Tharp stood up, pushed up his spectacles up his nose and issued forth with a ringing, trumpet-like voice perfectly suited to the joyful, ceremonial quality of Handel’s music. His pinpoint control didn’t detract from his deep delight in the music. He nailed the diction without sounding pedantic or fussy.
The technical issues on stage never went away completely, though. In one passage, the soprano section of the chorus and the violins are called upon to sing and play in unison, like two great wings soaring to the heavens, but they just weren’t generating the same note most of the time, making the flight more albatrossy than angelic.
Thanks, in part, to the uplift of Handel’s music — and Tharp’s clarion voice — the tapestry held together and even skirted the edge of transcendence. The ratio of moments that made you feel so good you forgot where you were, to moments that made you wish you were somewhere else, kept on getting higher, right up to the evening’s closer, the famous “Hallelujah” chorus.
However, it was hard not to notice that the audience seemed mainly packed with choral die-hards.
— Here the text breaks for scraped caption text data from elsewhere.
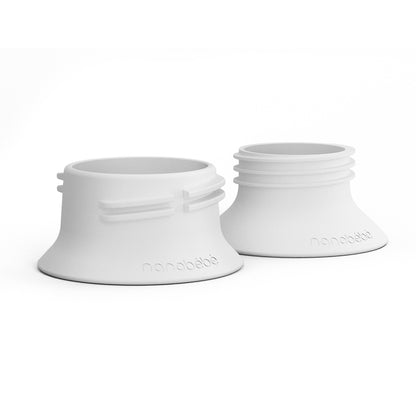 Breast Pump Adapter Set – 2 Pack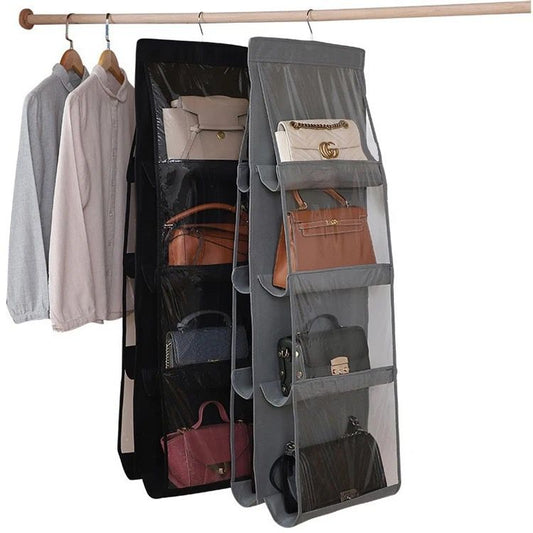 Handbag organizer strap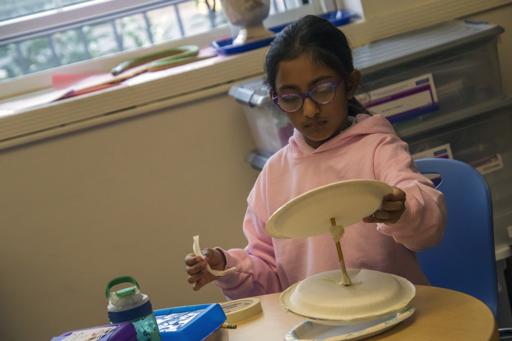 Grade 2 Wheel & Axel Engineering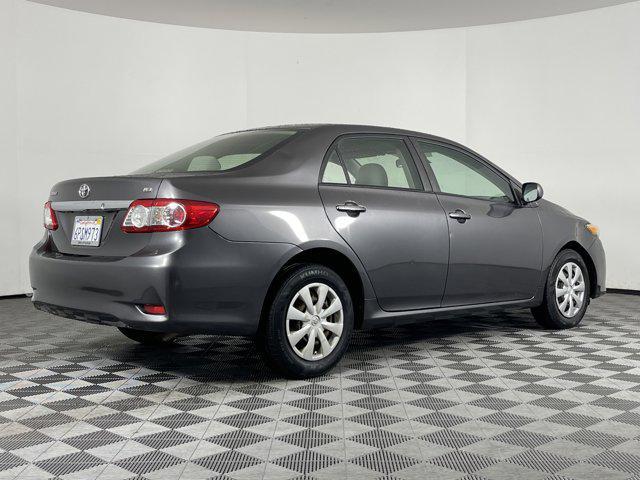 used 2011 Toyota Corolla car, priced at $9,700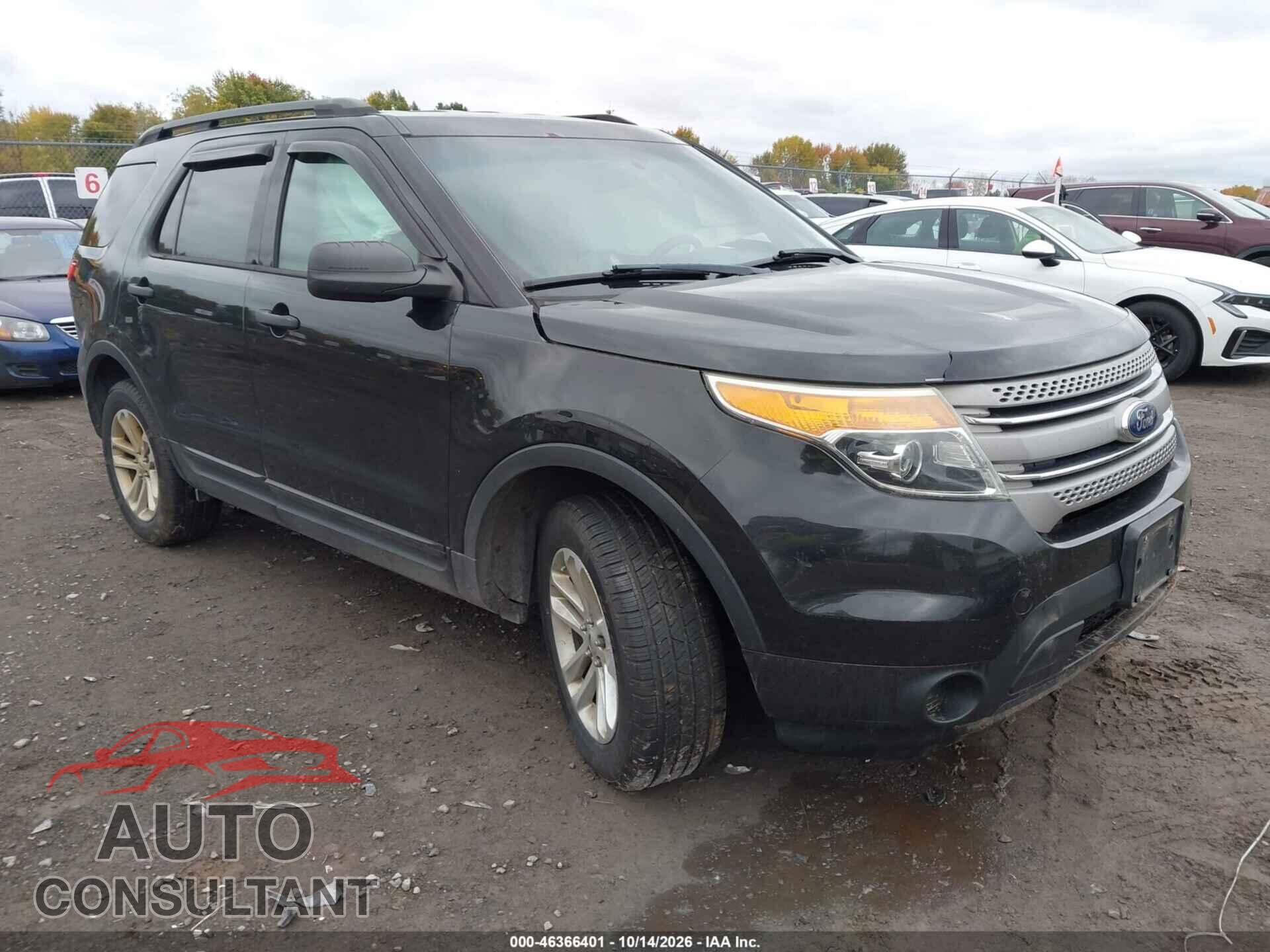 FORD EXPLORER 2015 - 1FM5K8B80FGA59840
There was a lot of ‘Here we are’ waving from the seats. And positioning the “Hallelujah” Chorus at the end is a pretty sneaky way of ensuring a standing ovation. (It’s a tradition to stand for it.)
The concert was originally set to end with the Vivaldi, but the order was changed at the last minute.
The other MasterWorks concerts of the season routinely reach startling levels of excitement and excellence, but if Friday’s concert is any sign, the annual choral entry could end up being judged by the second-tier, at-least-they-tried standard associated with end-of-school-year recitals.